His strategy, he said, is to do a complete tour of the state, making several visits to more populated areas. Each visit will be more in-depth, he said.
“I think it’s important to see the area so you can really understand it,” he said.
He spent Monday in Baldwin County, toured Andalusia Tuesday morning, then headed to Troy.
“It’s good to come in a community like this one and say, ‘What promise.’ You have a beautiful downtown. Older infrastructure is not without challenges, but it is also an opportunity.”
As Huntsville’s mayor, Battle first took on education.
“We hired a change agent superintendent, instituted a digital curriculum, and expected big things on accountability. We wanted to make sure we got a year’s worth of education out of a year’s worth of teaching.”
Six-plus years into what was expected to be a 10-year turnaround, he said, progress is evident.
“Then we looked at infrastructure,” he said. “Mainly, we looked at the roads in our area, and how we deliver water, sewerage and gas service, and fiber to the home.”
The city partnered with the state for $250 million in road improvements.
“It needed to be done if we were to continue to grow,” Battle said. “We also looked at quality of life, our downtown, and urban developments.”
The result is 17,000 new jobs over the last nine years, and more than $2 billion in investments in the Huntsville area. Now, he’d like to apply roughly the same formula to improving the state. The most pressing issues – education and infrastructure – are the some ones Huntsville addressed on and conquered on a smaller scale, he said.

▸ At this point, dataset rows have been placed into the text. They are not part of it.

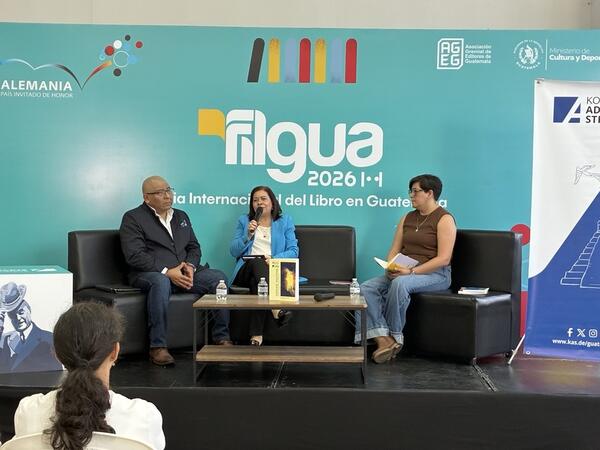 Dinorah Azpuru @FILGUA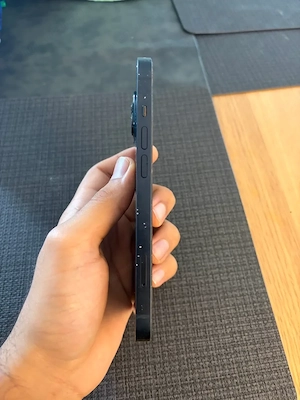 Apple iphone 13 128gb schwarz  dunkelblau Bild 4
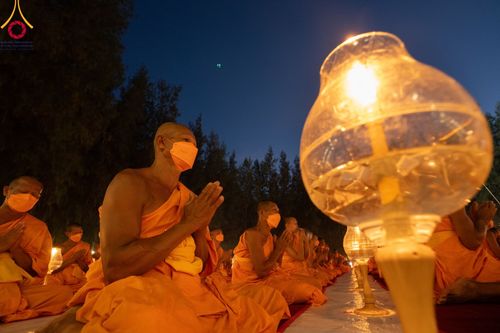 ภาพ No.107192:พิธีจุดประทีปถวายเป็นพุทธบูชา และบูชาธรรมมหาปูชนียาจารย์ ในโครงการธรรมยาตรากตัญญูบูชา มหาปูชนียาจารย์ พระมงคลเทพมุนี(สด จนฺทสโร) พระผู้ปราบมาร  อนุสรณ์สถาน 7 แห่ง ปีที่ 12  วันที่ 6 มกราคม พ.ศ. 2567 ณ อนุสรณ์สถานมหาวิหารพระมงคลเทพมุนี อ.สองพี่น้อง จ.สุพร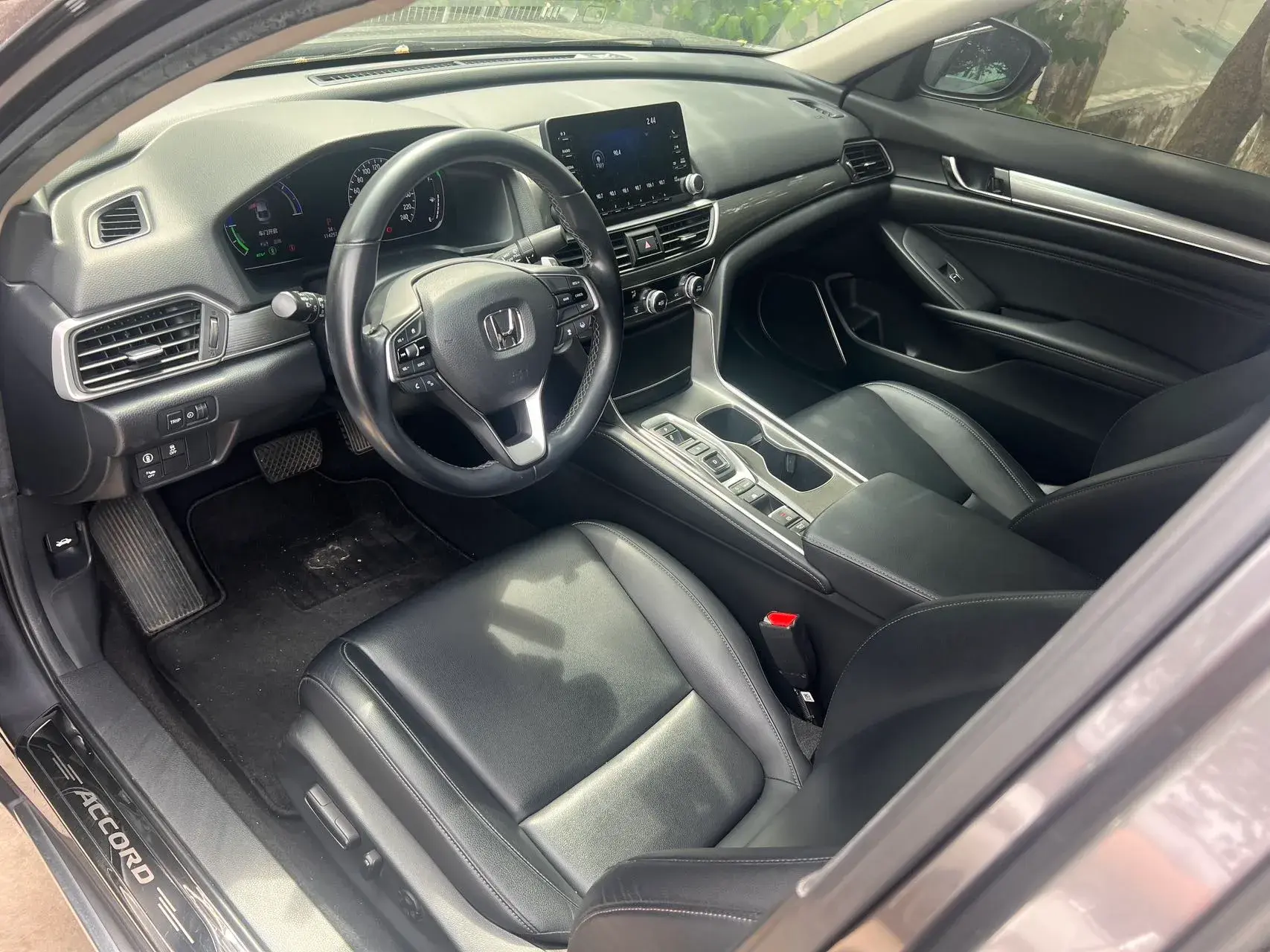 2018 HONDA ACCORD thumbnail 4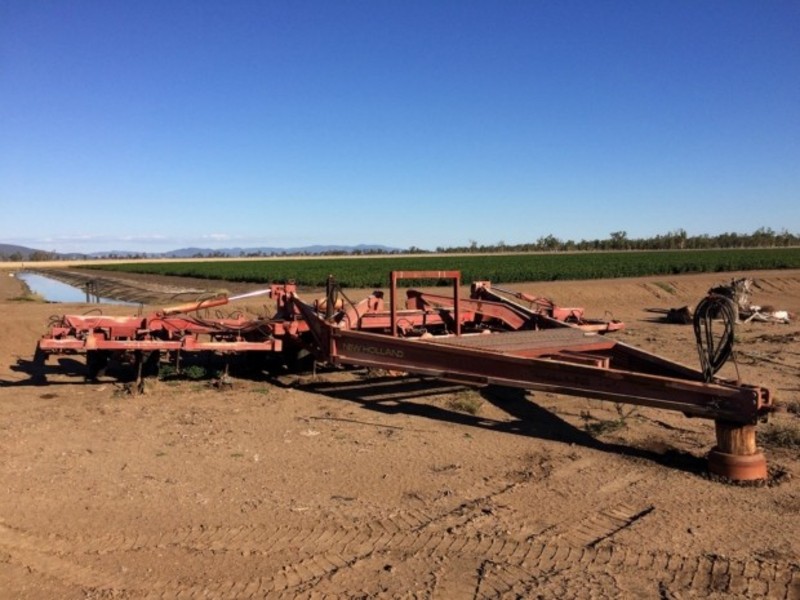 NEW HOLLAND Trashfarmer 3420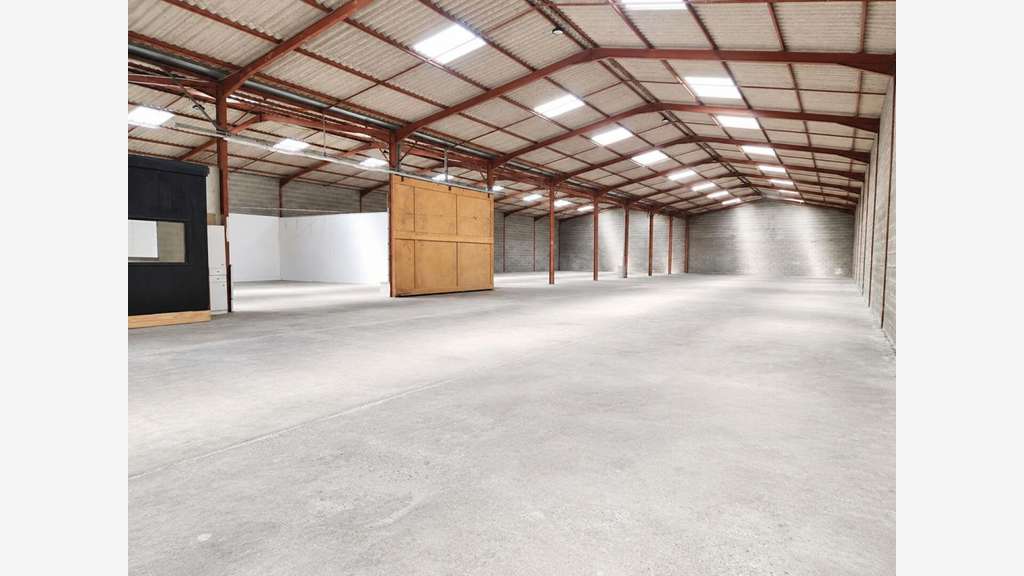 Entrepôt 1200m² sur 3000m² clos à Saint-Alban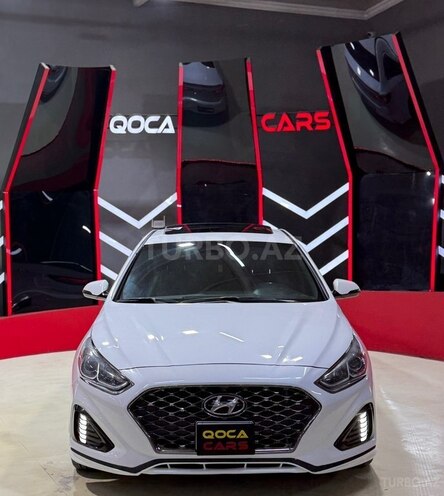 Hyundai Sonata-4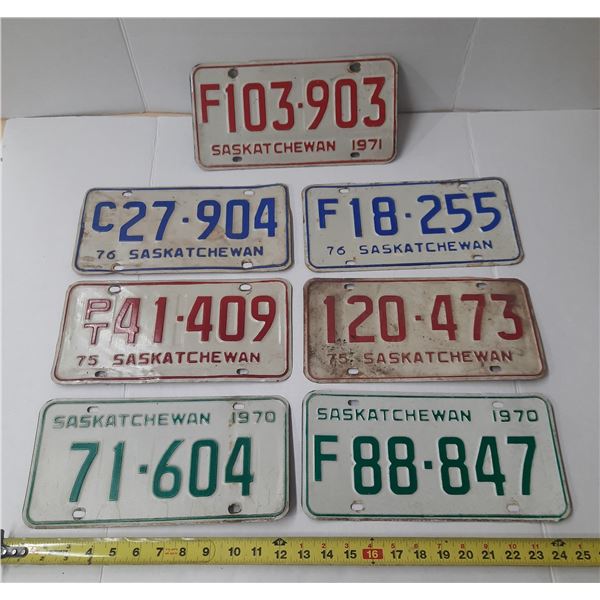 (2) 1970, (2) 1975, (2) 1976, (1) 1971  Saskatchewan Licence Plates.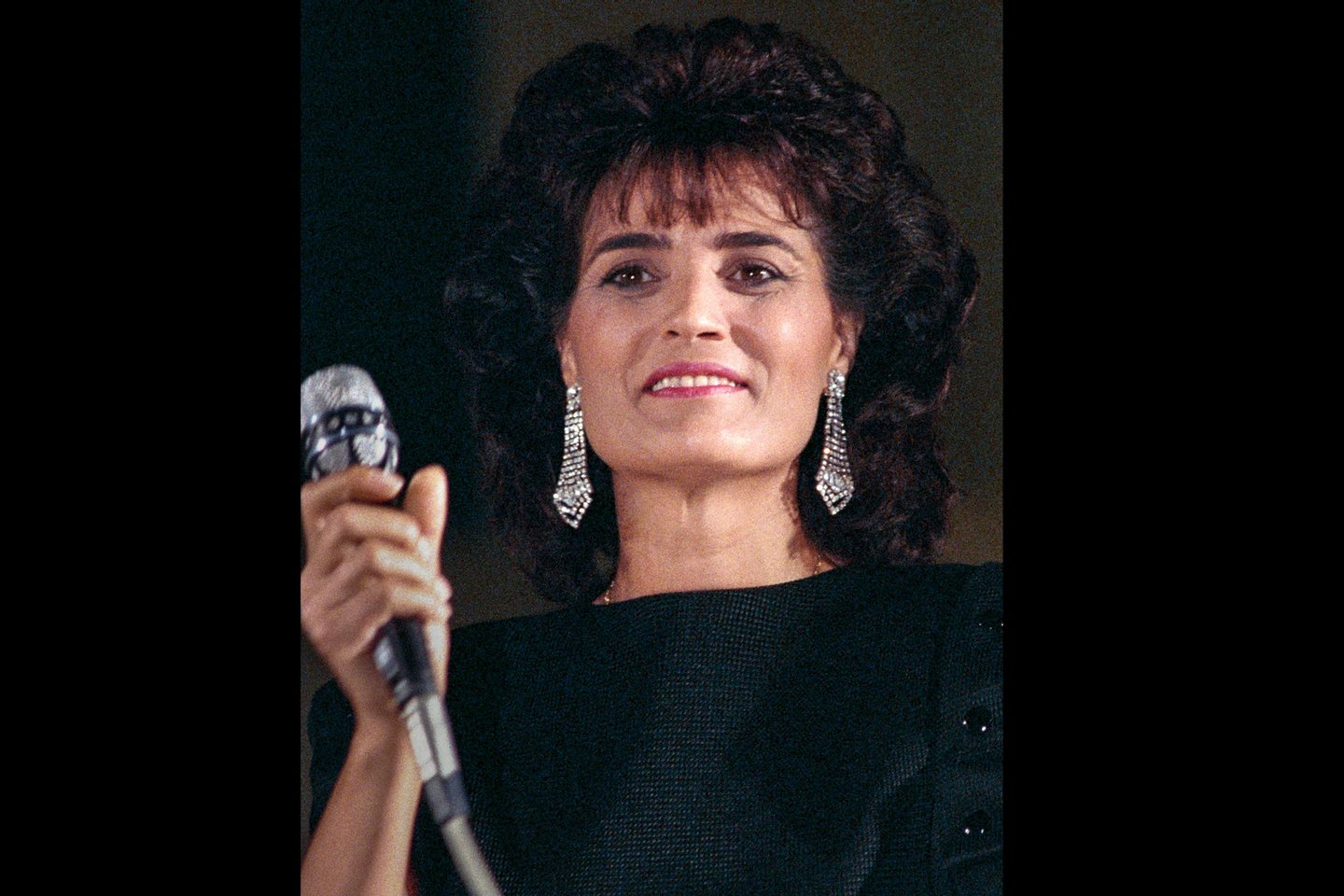 Foto de arquivo de janeiro de 1985 da cantora Linda de Suza, intérprete de êxitos como “Um Português”, que morreu hoje, aos 74 anos, 28 de dezembro de 2022, ANTÓNIO COTRIM / LUSA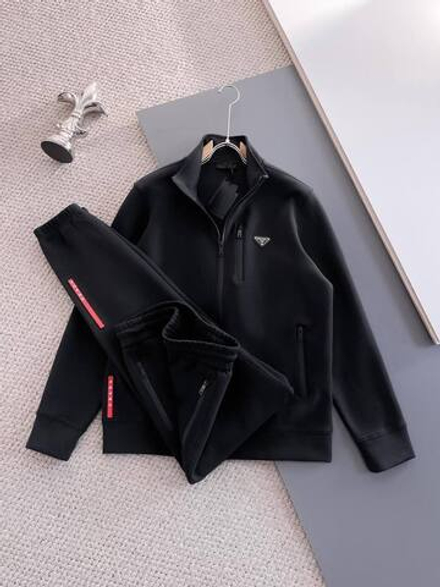 Спортивный костюм Prada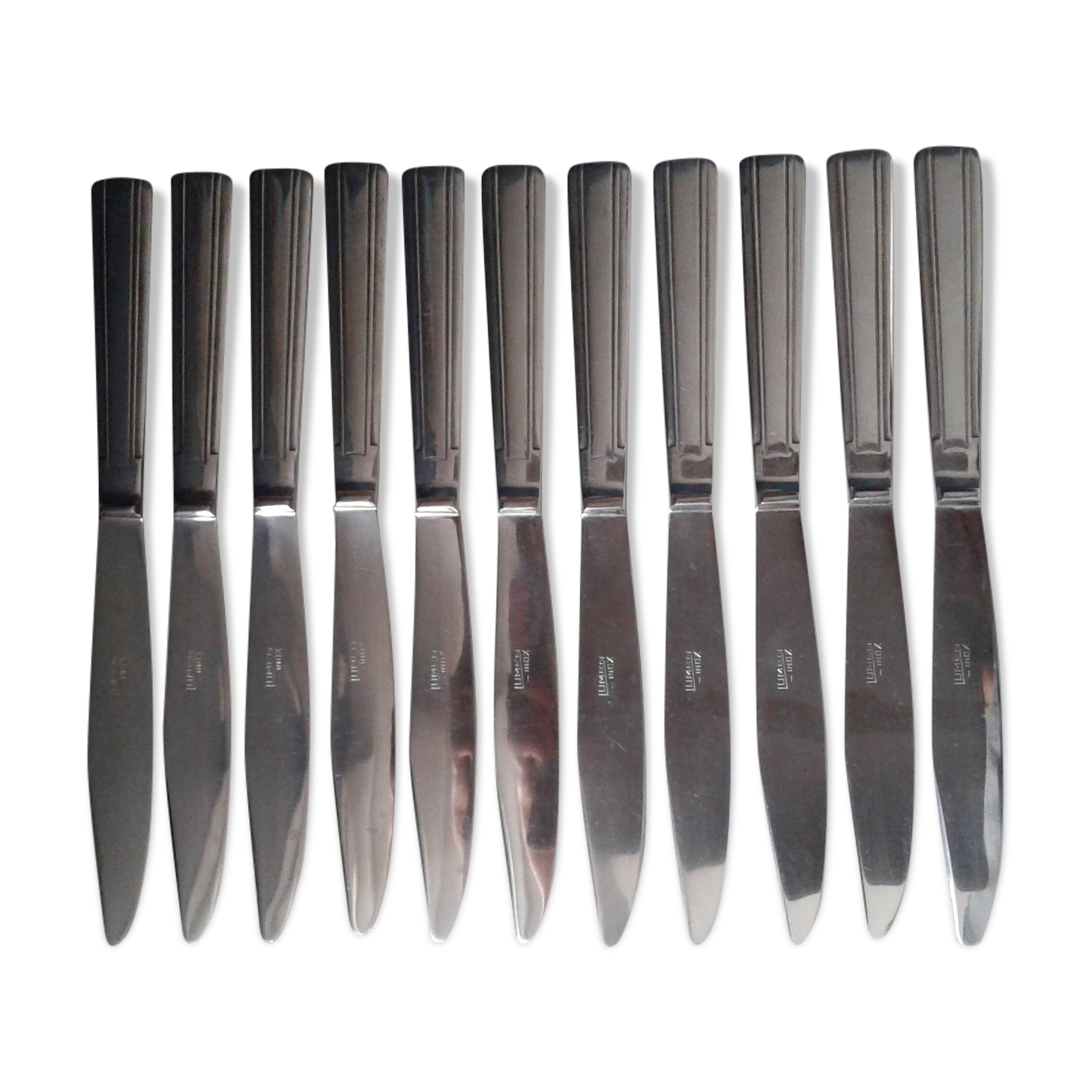 Box 11 stainless steel knives. vintage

“We want to add jobs and prosperity so people who are already working can get a better job. That’s the reason I got into this race.”
There are major capacity problems on I-65 south of Birmingham and south of Montgomery, he said.
“You have to realize it’s a seven to 10-year fix, but we’ll be more and more behind unless we take on some of these things.”
State leaders must look with broad vision at long-term needs, he said.
“Fifty years ago, it was the vision of some community leaders and German scientist that we needed a research park in Huntsville,” he said. “Now we have 27,000 jobs there.
“We built the University of Alabama at Huntsville, which is basically an engineering school, to provide engineers for all we do in Huntsville. That’s really paid off.”
Battle said state leaders will have to work deliberately to make change.
“What we find in our government is that if people find out you have a strategy, and a plan on where you will end up, they are very accepting,” he said. “You have to keep the message simple and keep moving forward.”
Battle grew up in Birmingham and graduated from the University of Alabama. After owning and operating a restaurant, he moved into real estate. Battle, a Republican, was first elected mayor of Huntsville in 2008.
The 2018 primaries are slated for June 5 in Alabama.